Hotel Rates in Las Vegas Vary Tremendously — But Points Cost is Mostly Fixed

Las Vegas is like many vacation destinations and opposite business destinations — it tends to be expensive on the weekend and much cheaper on weekdays.

So when Dan picks a Tuesday night in September, it’s not surprising that the hotels are cheaper than usual but the points price remains unchanged. The points price is pretty much fixed for the year (hotel chains do revisit hotel categories occasionally, but for the most part adjustments are made annually). As a result, you don’t get good value redeeming for these hotels on a Tuesday.

He contrasts this with the better value Hyatt Place but that property’s rates don’t vary as much as the MGM resorts — and with some of the highest-end Hyatt properties where redemption value is especially good (since the most expensive Hyatt redemption maxes out at 22,000 points, it’s the same price to get the Grand Hyatt New York as the Park Hyatts in Paris, Sydney, and the Maldives — top end redemptions tend to be a great use of Hyatt points).
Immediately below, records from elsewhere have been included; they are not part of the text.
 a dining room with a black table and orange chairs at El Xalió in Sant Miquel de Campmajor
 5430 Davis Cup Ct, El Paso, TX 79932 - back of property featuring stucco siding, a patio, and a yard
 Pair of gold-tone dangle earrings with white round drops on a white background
That’s Why Award Charts Present Great Opportunities

What this really reveals is the tremendous, outsized value that award charts can offer.

When the points price of an award is fixed, it makes sense to redeem when the cash price is high and pay for travel when the cash price is low. That way you get the most value out of your points.
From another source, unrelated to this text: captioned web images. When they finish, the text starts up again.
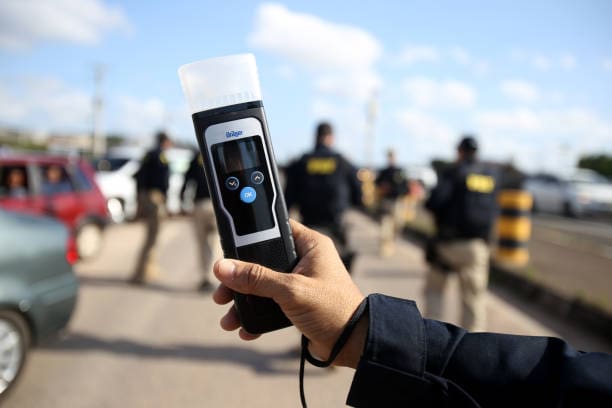 Hand holding a breathalyzer device.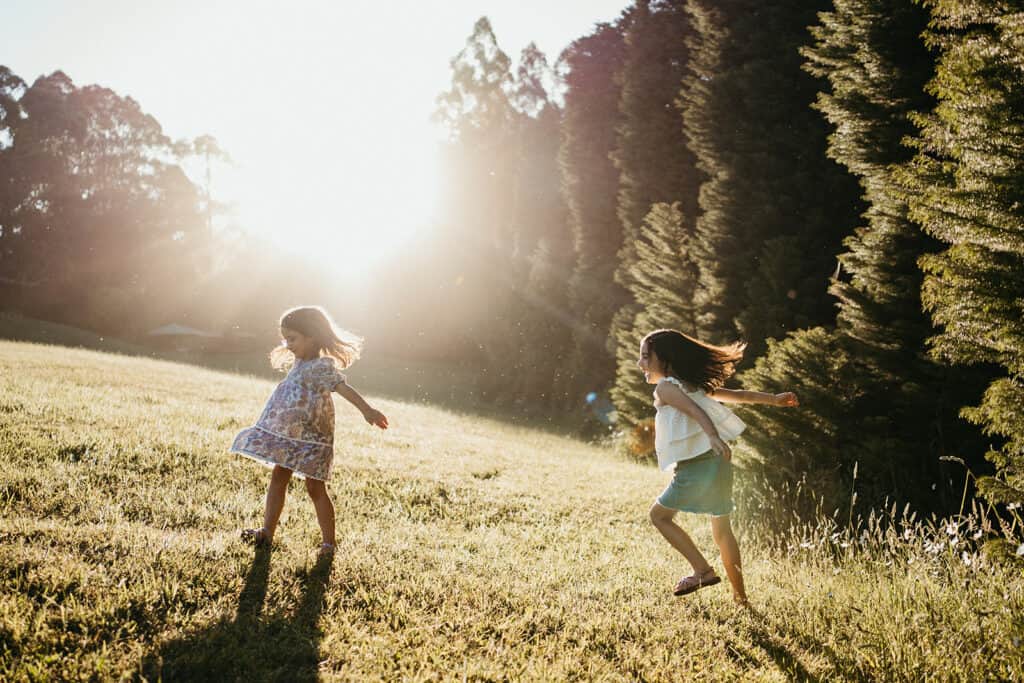 girls dance in sunlight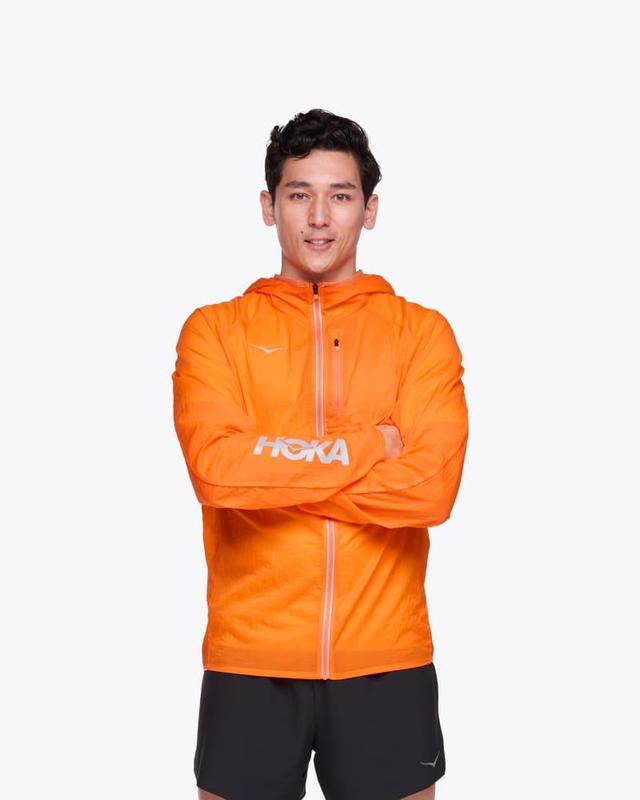 HOKA Mens Skyflow Jacket Viz in Electric Tangerine, Size XS Product Image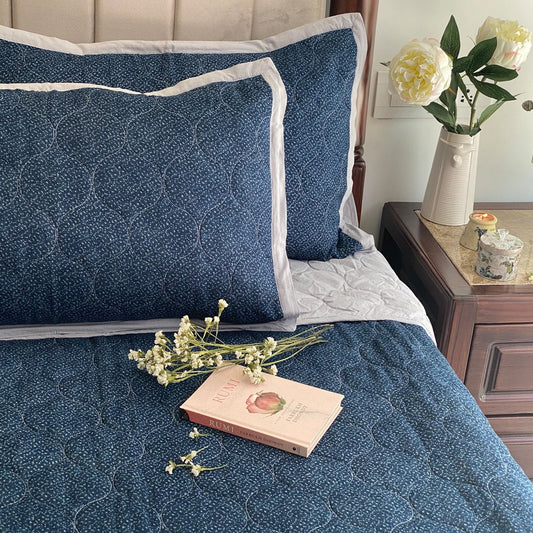 Indigo blue reversible bedspread with 100% cotton material and floral design.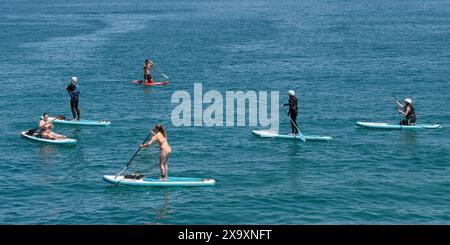 Ein Panoramablick von Urlaubern, die Stand Up Paddleboards in Newquay Bay in Cornwall nutzen. Stockfoto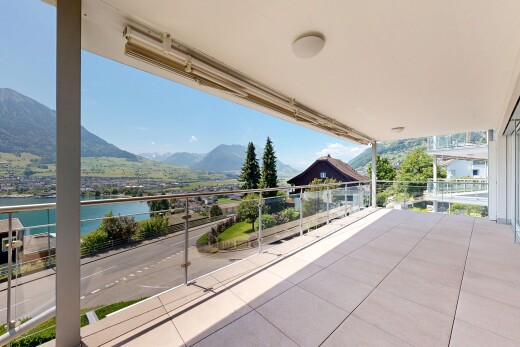 balcony with a water and mountain view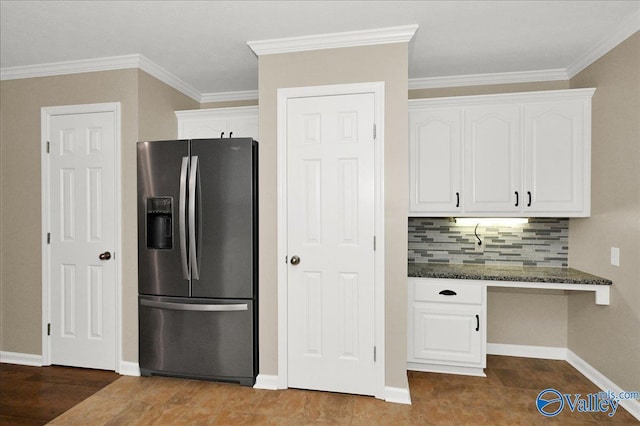 kitchen with ornamental molding, stainless steel fridge with ice dispenser, white cabinetry, and tasteful backsplash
An airline ticket from New York to Los Angeles might run 25,000 miles roundtrip in coach. If the ticket is $300, pay cash. If the ticket is $1000, use miles.
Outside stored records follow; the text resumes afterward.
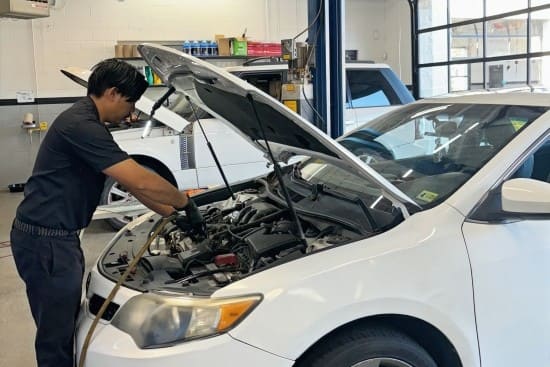 Auto repair technician inspecting a car engine in a professional garage.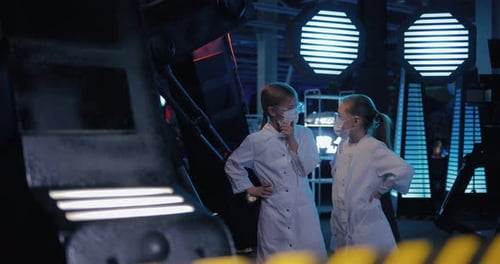 Young Technicians Discuss the Space Installation
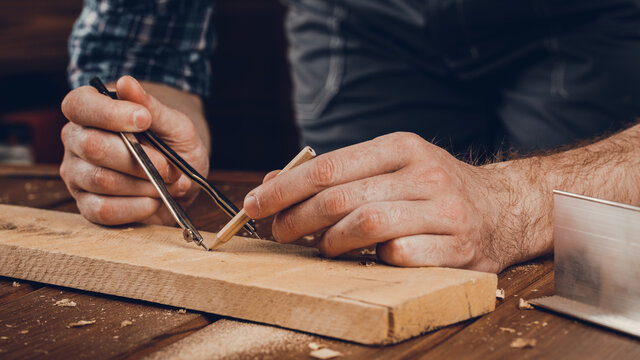 A close up of a male carpenter marks with a metal compass and pencil on a wooden bar.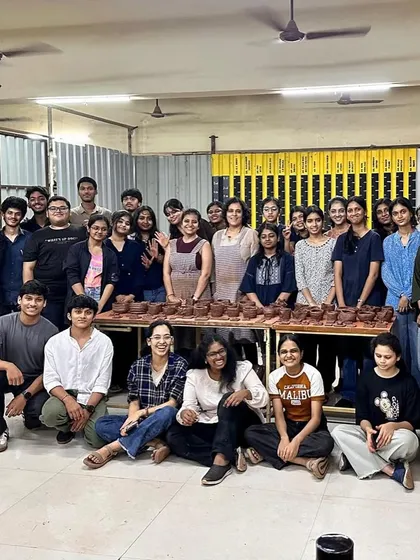 What a wonderful outcome. This is a group of architecture students I taught, proudly gathered around a table filled with the pieces they created during our foundation in clay workshop.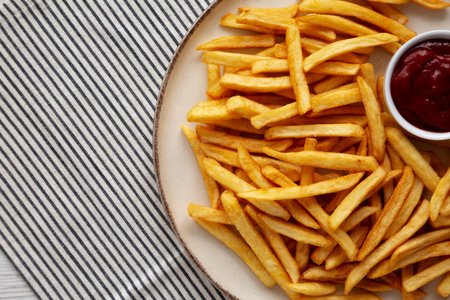 Homemade Golden French Fries with Ketchup, top view. Copy space.の写真素材
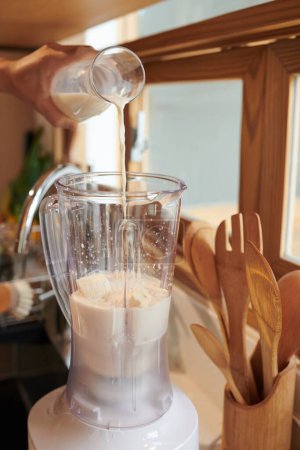 Téléchargez les photos : Homme versant du lait non journal dans un mélangeur avec lors de la fabrication de smoothie - en image libre de droit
Even that’s a tricky example, since there has to be availability to use points.

Hotel programs are a much cleaner example, because for the most part they’ve gone away from capacity controls towards a model where if a standard room is available to be booked for cash it can be redeemed for with points.

Florida is another great market to use as an example. Resort destinations during the week in the summer are really cheap, but over the weekends in winter are really expensive.

Since the award price is fixed for the year, usually based on averages for that whole year, you can get really good redemption values over weekends in winter. During the summer, save your points.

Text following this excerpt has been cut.